Characterizing Discharge (Q)

  • Units of measurement for volume and time:
    • Common volume units: liters (small systems), cubic meters (larger systems), cubic feet (used by USGS).
    • Time metrics: usually measured in seconds.
  • Flux definition:
    • Volume or mass per unit time.
    • Commonly expressed as cubic meters per second (m³/s) or liters per second (L/s).

Hydrographs

  • Definition of a hydrograph: graphical representation of stream discharge over time.
  • X-axis: time (could represent days, months, or years).
  • Y-axis: discharge (in cubic feet per second, or m³/s).
  • Description of temporal variation in discharge:
    • Definition of peak discharge and lag time relative to rainfall events.
    • Discussion of flashy systems:
    • Characterized by rapid increases in discharge following precipitation.

Measurement Methods

Direct Measurement in Streams

  • Directly measuring discharge involves measuring:
    • Velocity of water flow and channel morphology.
  • Conceptualization of stream cross section for calculations:
    • Breakdown of stream into small sections for total discharge estimation.
    • Measurements taken at various depths to ensure mean velocity is captured.
  • Measurement example:
    • At 60% of depth captures mean velocity effectively due to variations in flow speed across the vertical profile.

Solute Dilution Methods

  • Purpose: Estimate discharge when direct measurements are impractical.
  • Plateau Release Method:
    • A non-reactive tracer (e.g., salt) is introduced at a constant rate.
    • Measure concentration downstream to estimate discharge.
    • Example:
    • Inject 100 mg/L at 50 mL/min; after reaching plateau, concentration measured at 40 mg/L downstream leads to discharge calculations based on dilution.
    • Assumptions include constant discharge during the measurement period.
  • Pulse Release Method:
    • Introduce a surge of tracer into the stream instead of a constant rate.
    • Monitor concentration changes over time to estimate discharge.
    • Suitable for times with minimal discharge changes to ensure accuracy.

Other Methods of Discharge Measurement

Weirs

  • Definition: Structures to measure flow rate, e.g., v-notch weirs.
  • Relationship between water height and discharge can be established empirically.
  • Advantages:
    • Simple relationship for continuous discharge measurement.

Stream Gauges

  • Institutional standards (like USGS) for estimating discharge.
  • Use rating curves to relate water height at gauging stations to discharge.
  • Importance of regular updates to rating curves due to dynamic channel conditions.

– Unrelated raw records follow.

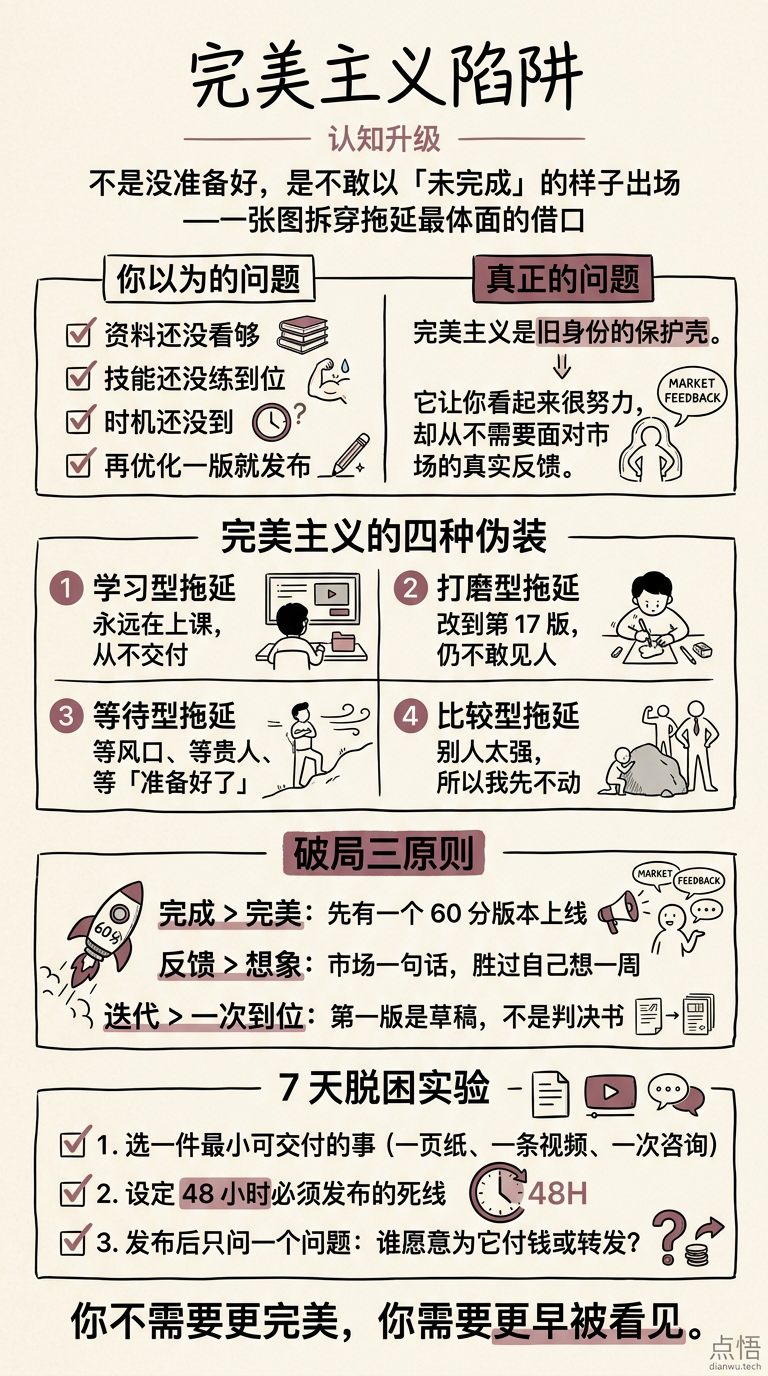 完美主义陷阱 · 手绘信息图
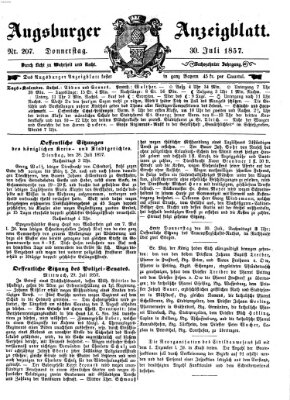 Augsburger Anzeigeblatt Donnerstag 30. Juli 1857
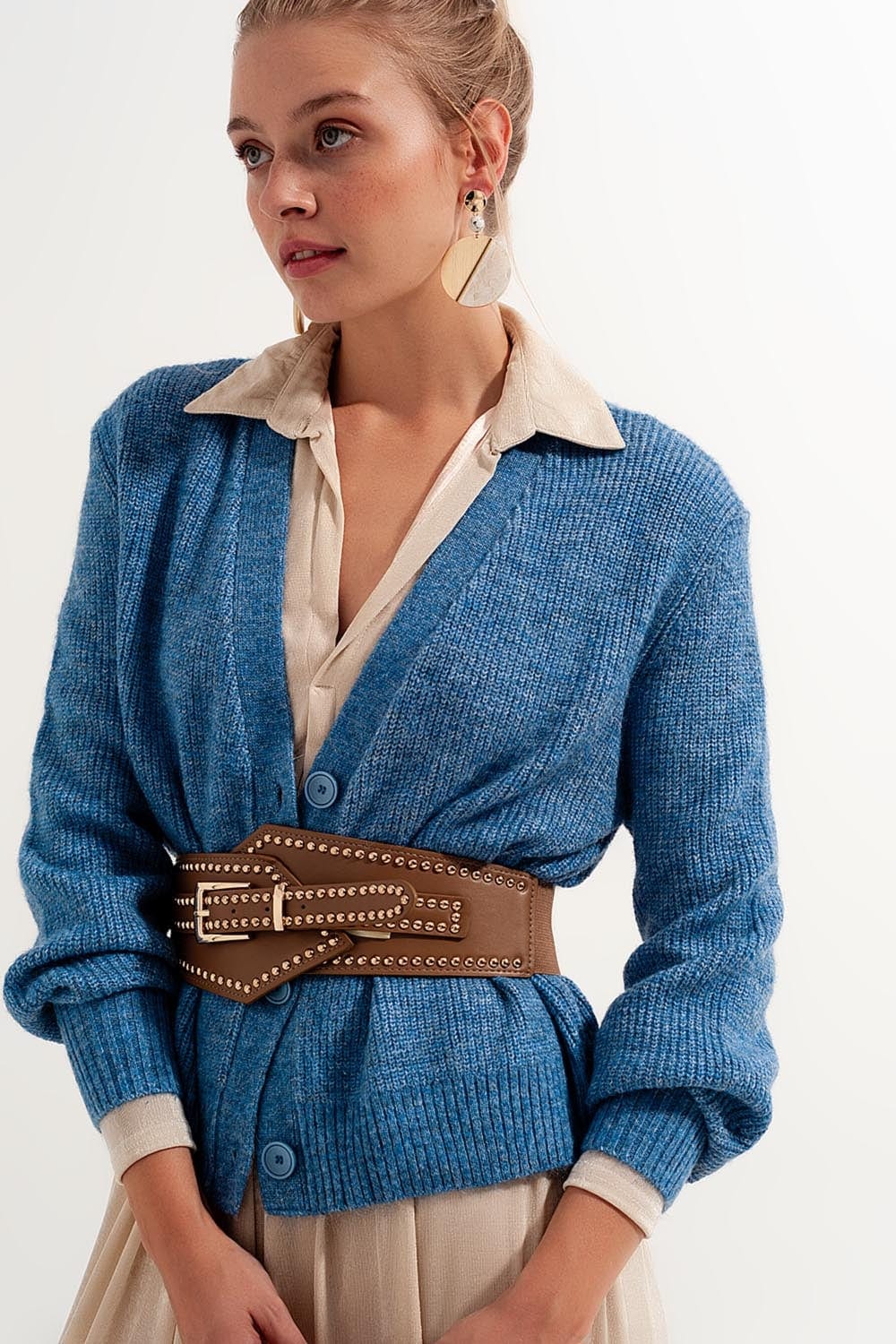 Q2 Women's Sweater Button Through Cardigan in Blue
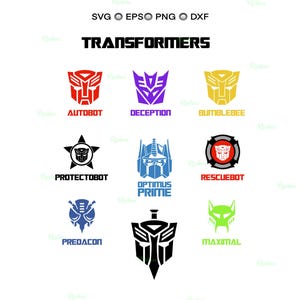 May include: A selection of Transformers logos in a range of colours, such as red, purple, yellow, black, and blue. The logos represent Autobot, Deception, Bumblebee, Protectobot, Optimus Prime, Rescuebot, Predacon, and Maximal.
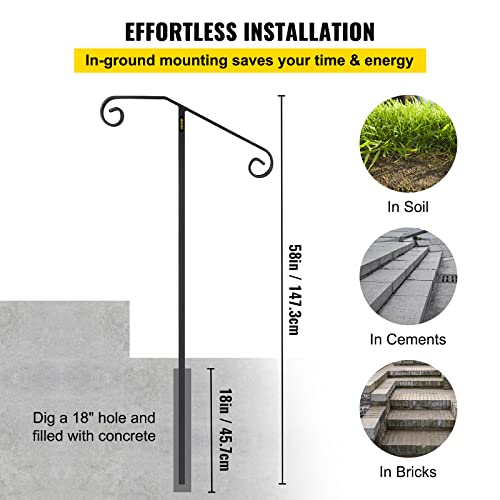 VEVOR Single Post Handrail Wrought Iron Post Mount Step Grab Supports in Ground Long Post Fits 1 or 2 Steps Grab Rail Single Post Railing (Gray) by VEVOR - Image 5
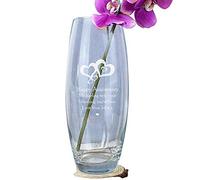 Personalised Love Hearts Glass Bullet Vase - Custom 4 Line Message - Hand Blown Romantic Gift for Weddings, Engagements, Anniversaries & Valentine’s Day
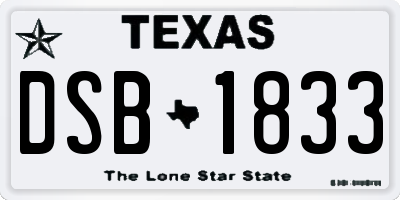 TX license plate DSB1833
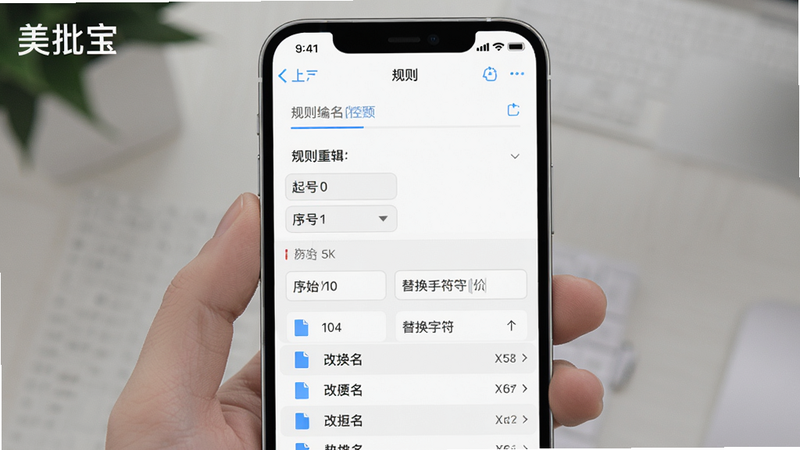 主体为手机屏幕上显示批量重命名设置界面,顶部有规则编辑区域,底部有文件列表预览改名效果,布局上下分区,风格极简,细节包括序号起始值和替换字符输入框,画质高清,干净无多余元素,文字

Acoustic Doppler Technology

  • Emerging technology for estimating discharge using acoustic Doppler current profilers.
  • Provides simultaneous depth and velocity measurements across a stream channel.
  • Advantages include integrated measures and greater accuracy during flow changes.

Estimation Techniques for Discharge Without Gauging

  • Model based on precipitation inputs:
    • Assessing runoff based on land use (forest, urban, wetland).
    • Refined estimations of discharge based on known hydrology of the watershed.
  • Area-to-discharge relationships:
    • Use known discharge from gauged sites to estimate discharge in unmonitored areas.
    • Requires knowledge of watershed areas for accurate predictions.

Conclusion

  • Recap of various methods for estimating and measuring stream discharge.
  • Importance of understanding hydrologic concepts for ecological impacts and water management practices.